Marco André Rocha Pereira (born 12 January 1987), known simply as Marco, is a Portuguese professional footballer who plays for C.D. Santa Clara as a goalkeeper.

Club career
Born in Castelo de Paiva, Aveiro District, Marco came through the ranks at Boavista F.C. before moving to C.D. Trofense, initially on loan. In the 2008–09 season, the club's first in the Primeira Liga, he played 12 games and Paulo Lopes 18; his debut was a 1–0 away win against Vitória S.C. on 22 February 2009.

Marco remained playing regularly in the Segunda Liga over the ensuing seasons, for Trofense, C.D. Feirense and S.C. Freamunde. On 24 May 2017, he joined C.D. Santa Clara, being second-choice to Serginho as the Azoreans finished runners-up to C.D. Nacional.
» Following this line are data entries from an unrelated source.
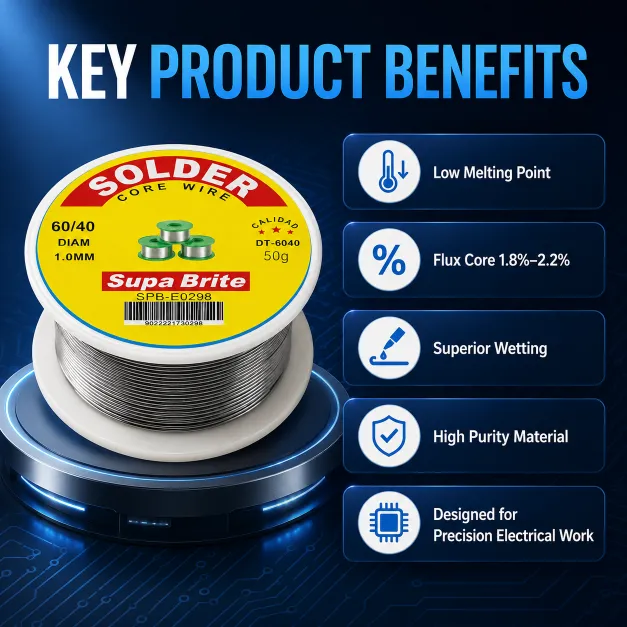 Supa Brite 60/40 Flux Core Solder Wire 50g - Image 3
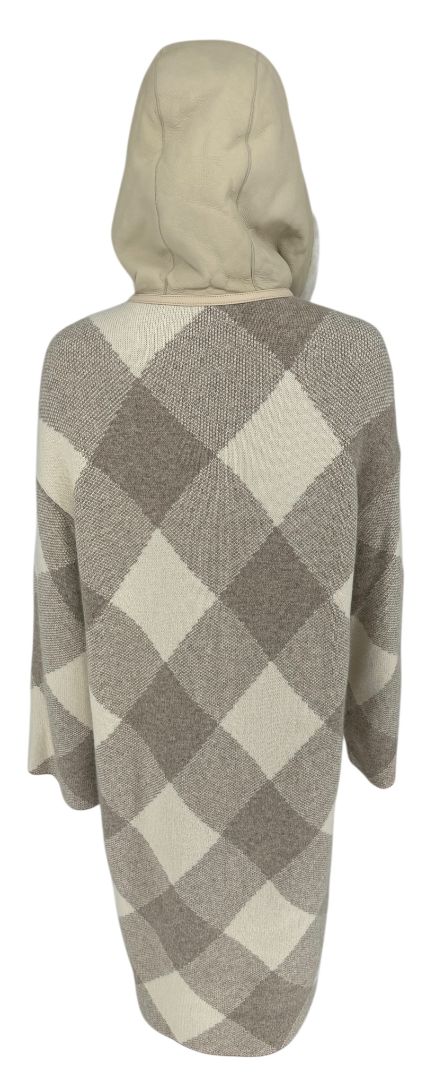 Loro Piana Natural Cashmere Argyle Hooded Coat – Size XS – Excellent Preowned Condition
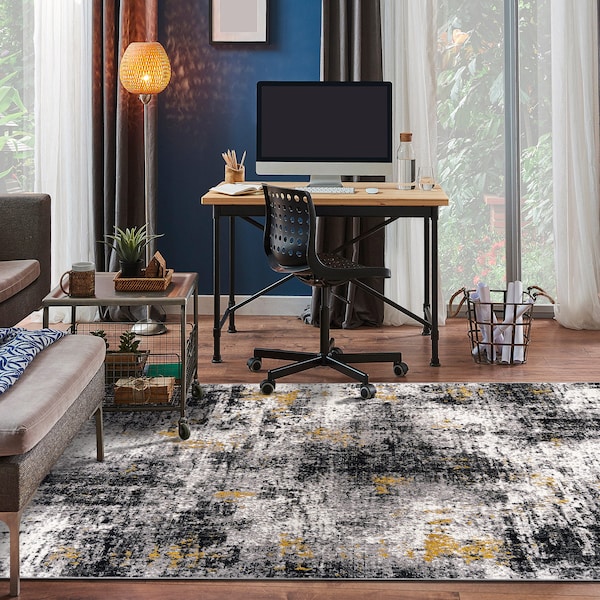 World Rug Gallery Adare Contemporary Abstract Area Rug 5' x 7' Yellow - 977YELLOW5X7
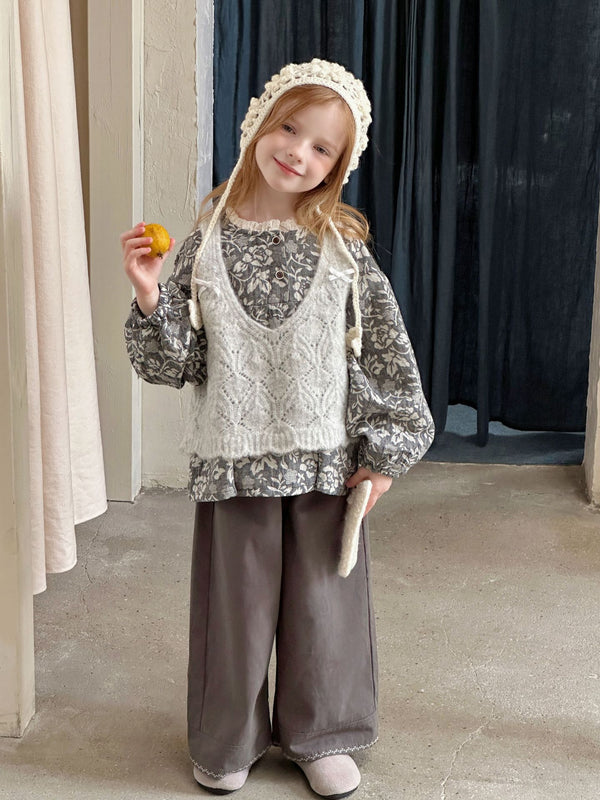 Girls' Wool Vest Versatile Stacked Top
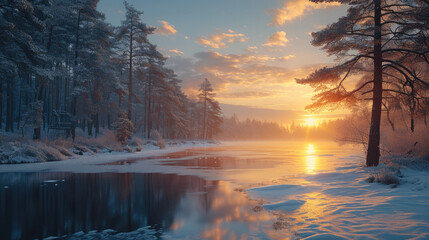 A beautiful sunrise over a frozen lake after a bleak midwinter. pine trees. Generative AI.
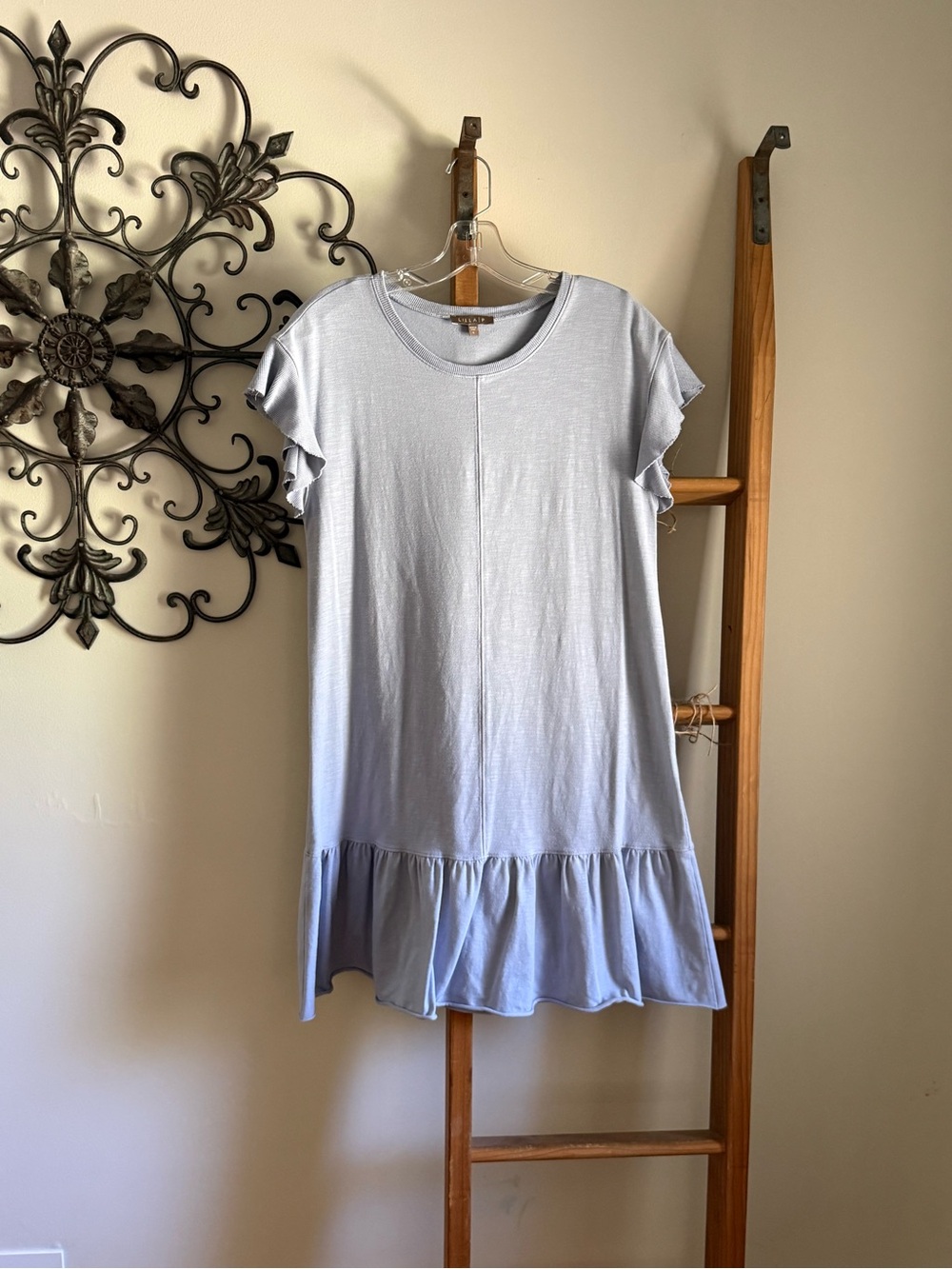 Lilla P Light Blue Ruffle Sleeve Dress
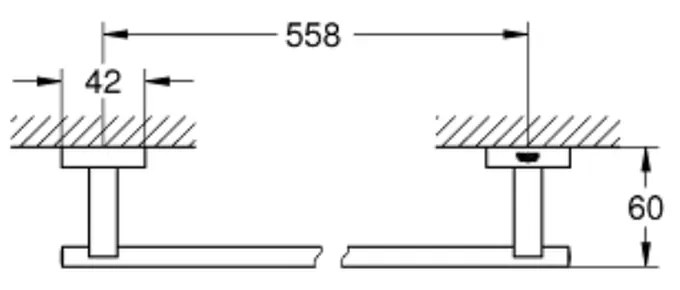 Suport prosop baie crom 60 cm Grohe Essentials Cube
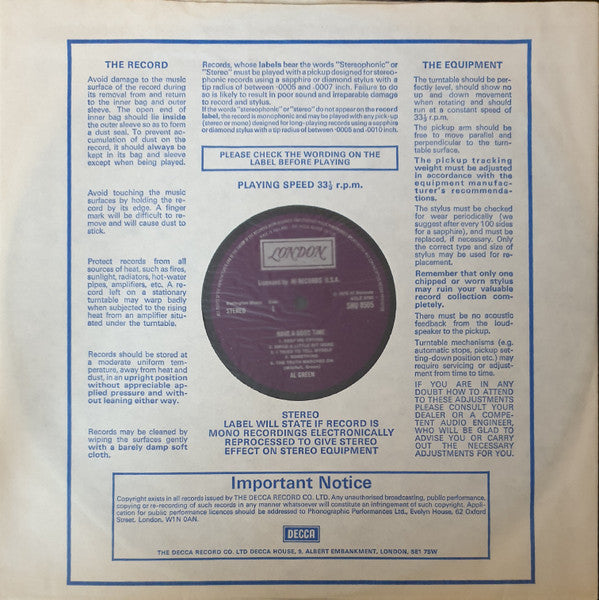 Al Green : Have A Good Time (LP, Album)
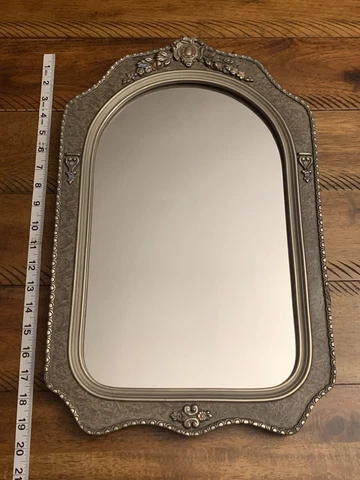 GORGEOUS Vintage Or Older Framed Mirror- Elegant Gray- 19” Total Length, Read** Cover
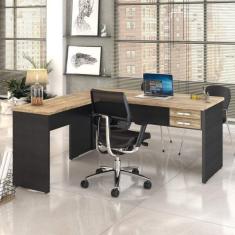 Mesa De Escritório Em L 1,60x1,60m Com 2 Gavetas Work30  Carv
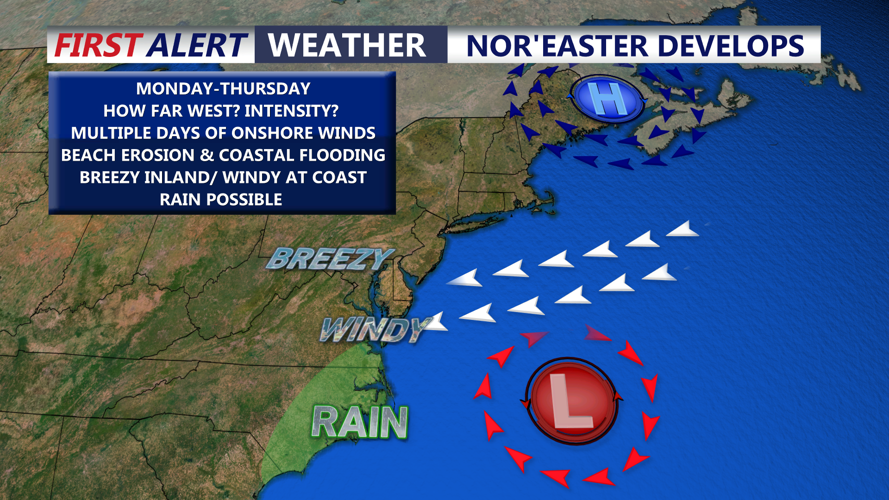 Image shows a developing nor'easter next week. 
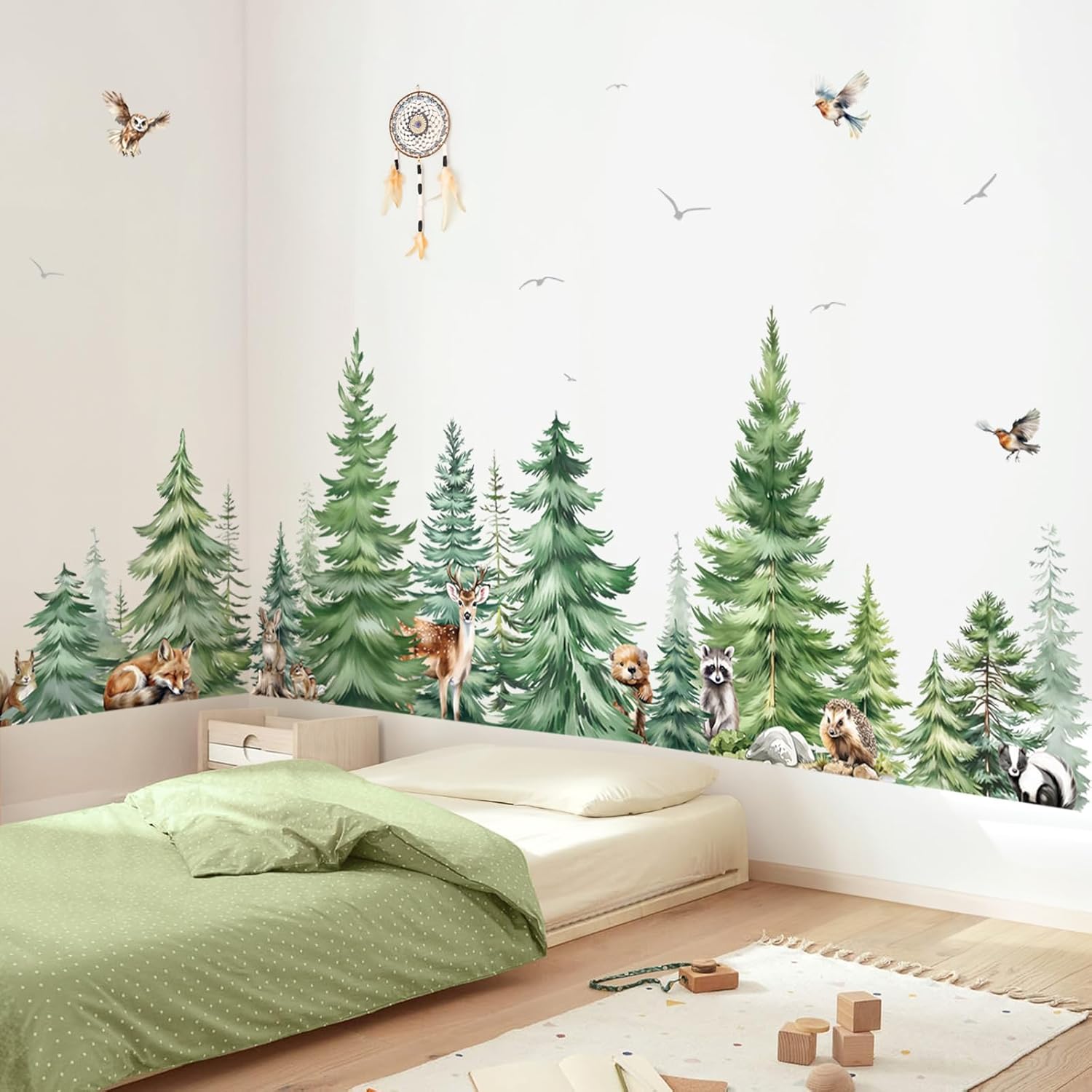 Large Watercolor Pine Tree Ani - Baby Nursery Package 评论和价格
He subsequently replaced the veteran as starting goalkeeper, and in June 2021 he was rewarded for his role in a best-ever sixth-place finish with three more seasons to his contract.

Aged 34, Marco made his European debut on 22 July 2021 in the first leg of the second qualifying round of the new UEFA Europa Conference League. He kept a clean sheet in a 3–0 win away to KF Shkupi in North Macedonia, as well as the 2–0 victory in the second leg a week later.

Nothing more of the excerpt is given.